Mais do que um mero motivo para usar óculos, a miopia tem se tornado um problema de saúde pública mundial. As estatísticas de 2010 mostravam que 27% do mundo era míope, sendo que 2,8% destes eram portadores de alta miopia. Já as projeções da OMS para 2050 são de que a miopia atinja 52% da população, com 10% de alto míopes. Estes 10% vão corresponder a quase 1 bilhão de pessoas. Um bilhão.

Esse aumento crescente da miopia mostra que se trata de um problema do mundo moderno. Estudos já provaram que pessoas da mesma etnia tem maior ou menor incidência de miopia a depender do seu estilo de vida: os moradores urbanos, com mais acesso à educação e à tecnologia, tem maior prevalência de miopia. Isto sugere que a questão não seja somente genética. O aumento das atividades indoors (em ambientes fechados), com excesso de esforço visual para leitura – celulares, tablets, computadores, livros -, associado a uma redução da exposição a luz solar, parecem ser dos principais fatores envolvidos. Claro que a influência genética também é importante, onde filhos de um ou dois pais míopes têm mais chances de desenvolver miopia.

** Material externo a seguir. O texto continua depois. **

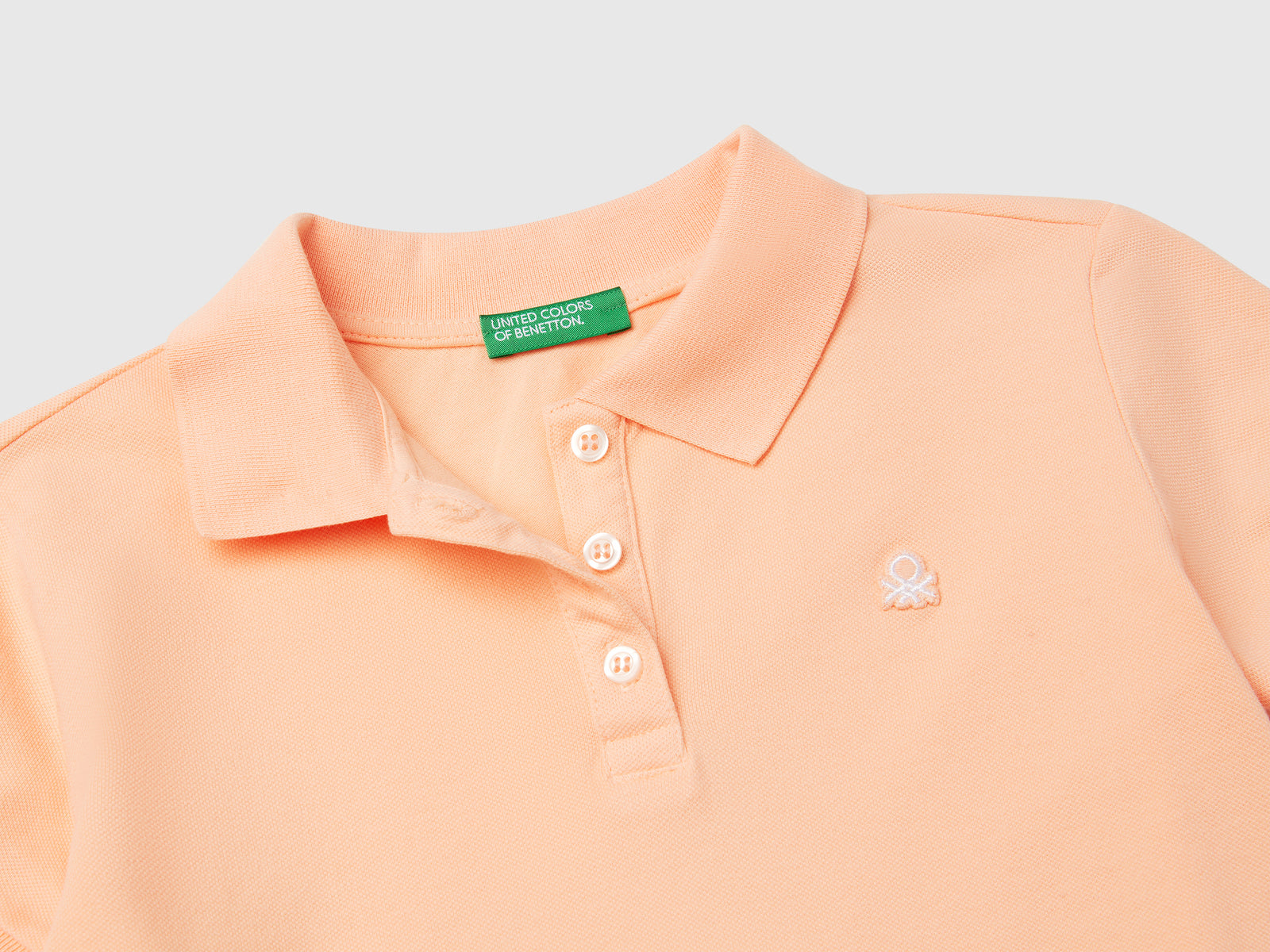 Polo manica corta in cotone da bambina pesca 3 | Benetton Outlet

A miopia pode ser decorrente de alterações na córnea e/ou no cristalino, mas a maioria dos casos é devido a um comprimento axial aumentado, isto é, um globo ocular “comprido”. Isso faz com que a imagem de um objeto distante seja focalizada antes da retina, causando borramento na visão. Ao contrário, as imagens de objetos próximos ao olho (como as palavras em um livro, ou uma foto no celular) são focalizadas na retina, permitindo boa definição. É por isso que míopes tem dificuldade para enxergar de longe, mas enxergam melhor de perto do que os não míopes.

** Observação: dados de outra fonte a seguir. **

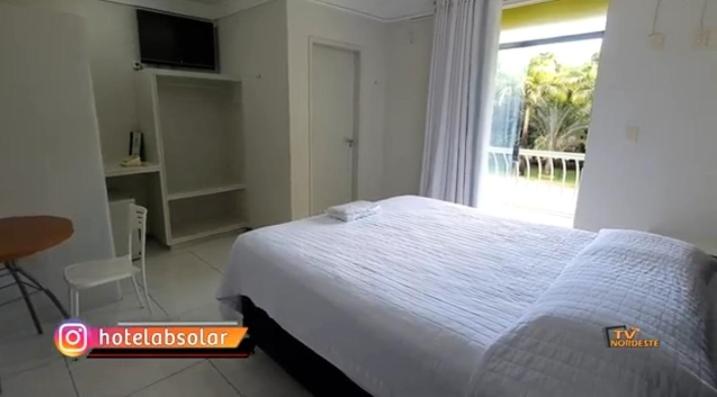 Postel nebo postele na pokoji v ubytování Hotel Absolar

O excesso de esforço visual para perto em crianças, especialmente nas telas de celulares e tablets, acaba por estimular um alongamento no comprimento axial do globo ocular ainda em desenvolvimento, gerando a miopia. Isto, somado a uma baixa exposição ao sol devido a redução nas atividades ao ar livre, acelera ainda mais o processo. O sol é importante para a formação das ligações colágenas da córnea e da esclera (“branco do olho”), permitindo o correto desenvolvimento do olho.

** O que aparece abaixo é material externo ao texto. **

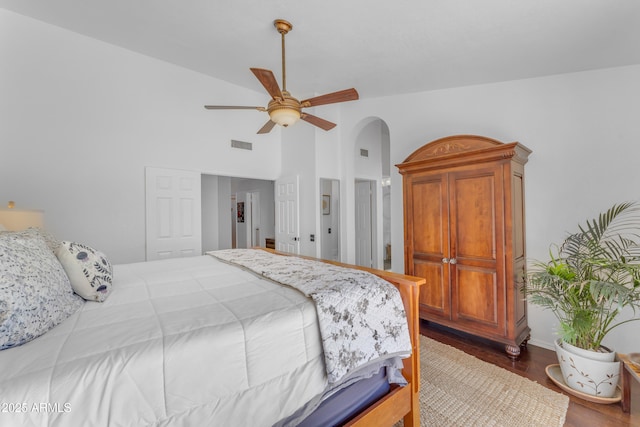 bedroom with high vaulted ceiling, a ceiling fan, visible vents, arched walkways, and wood finished floors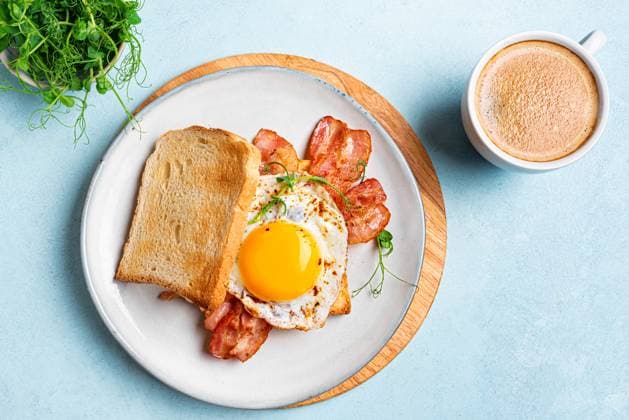 Frühstückssandwich mit Spiegelei, Speck und Sprossen Breakfast sandwich with fried egg, bacon and green pea sprouts on blue background. Fried sunny side egg with bacon on toast with microgreens and morning cappuccino coffee. Healthy breakfast. Copyright: xZoonar.com OksanaxBratanovax 22830818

E qual é o problema nisso tudo? Não é só usar óculos e pronto?

Não, não é só isso. A questão é que a miopia pode causar lesões oculares que ameaçam a visão. Definimos miopia como graus a partir de “-0,50”, mas acima de “-6,0” graus chamamos de alta miopia. São os alto míopes que se encontram em maior risco para as complicações que podem deixar sequelas na visão, a chamada “miopia patológica”. Quanto mais precoce o início da miopia em crianças, maiores os riscos de atingirem o patamar de alto míopes. E, apesar de este ser o grupo de maior risco, sabemos que algumas lesões pela miopia acontecem mesmo em pessoas com graus menores. Catarata e glaucoma são algumas das complicações possíveis nos míopes, mas a maioria dos problemas se concentra na retina.

Vamos pensar juntos. A retina é a parte do olho que contém os neurônios da visão. Ela se localiza no fundo do globo ocular, é como se fosse o “forro interno” do olho. Se o olho é muito comprido (míopes), para forrar aquele “olhão todo”, a retina precisa se esticar. Quando se estica, ela afina. Pensem no que acontece quando esticamos um elástico: ele aumenta em comprimento, mas diminui em espessura, igual a retina do míope. E qual é o problema em ter uma retina fina? Ela fica mais frágil, portanto mais susceptível a lesões. Não queremos ter lesões nos neurônios da visão, certo? Não parece ser uma boa coisa, e não é mesmo… Eu costumo explicar isso aos meus pacientes comparando com o cérebro: quando uma pessoa tem um AVC (“derrame cerebral”), ela geralmente fica com alguma sequela, não é? Pois o mesmo acontece quando ocorre uma lesão de retina: grandes chances de uma sequela visual.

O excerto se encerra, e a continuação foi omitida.